── Available data ──
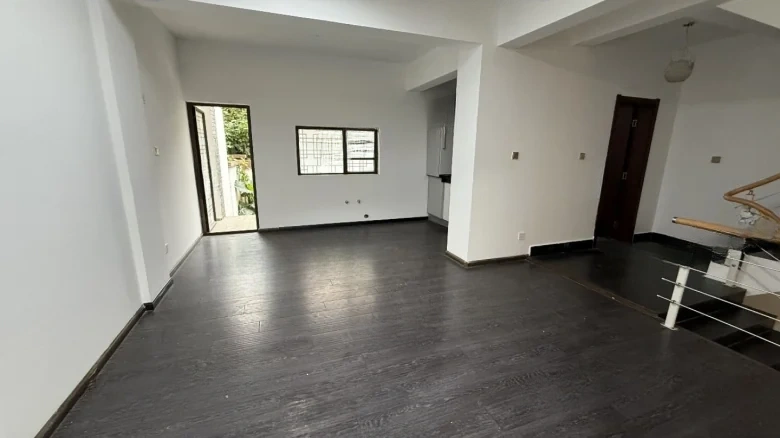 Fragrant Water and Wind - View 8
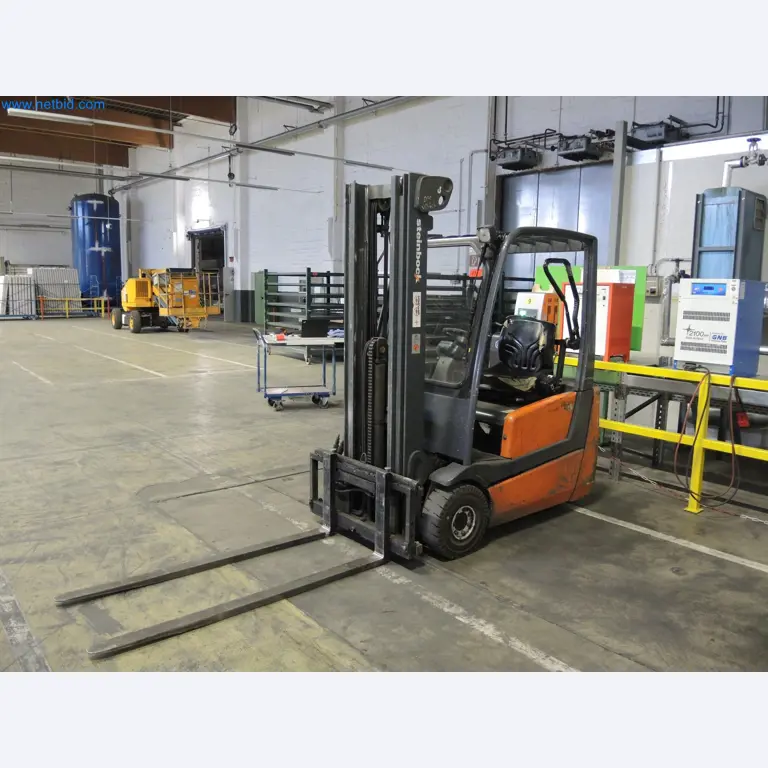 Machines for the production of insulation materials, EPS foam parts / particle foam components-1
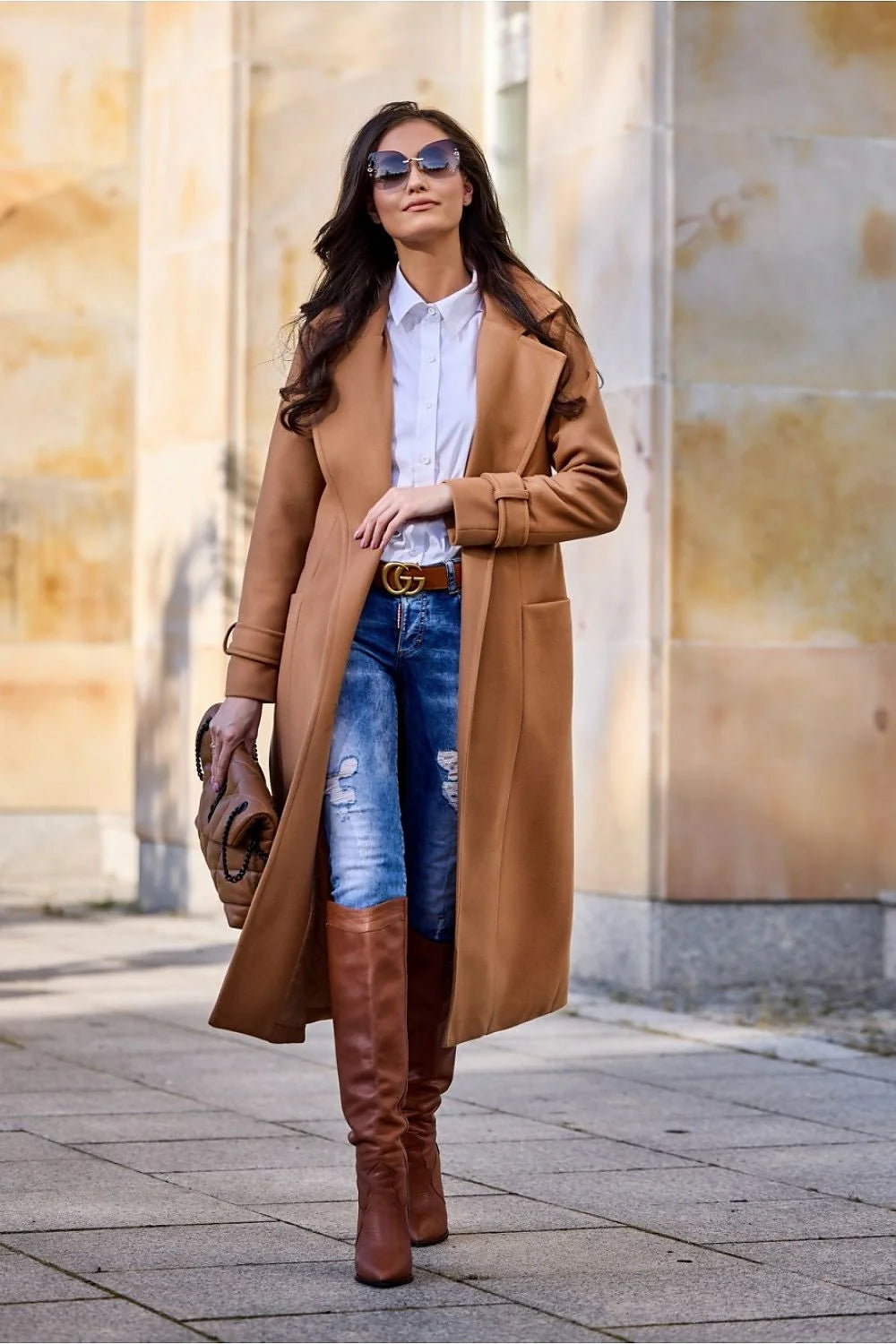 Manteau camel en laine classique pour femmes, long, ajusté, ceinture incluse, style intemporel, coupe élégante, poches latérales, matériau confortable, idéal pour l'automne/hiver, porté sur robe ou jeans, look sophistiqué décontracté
───
The lines wanted run from the one with "Machines for the" through the final line of the data; repeat them word for word and skip every picture.

 Machines for the production of insulation materials, EPS foam parts / particle foam components-1
 Manteau camel en laine classique pour femmes, long, ajusté, ceinture incluse, style intemporel, coupe élégante, poches latérales, matériau confortable, idéal pour l'automne/hiver, porté sur robe ou jeans, look sophistiqué décontracté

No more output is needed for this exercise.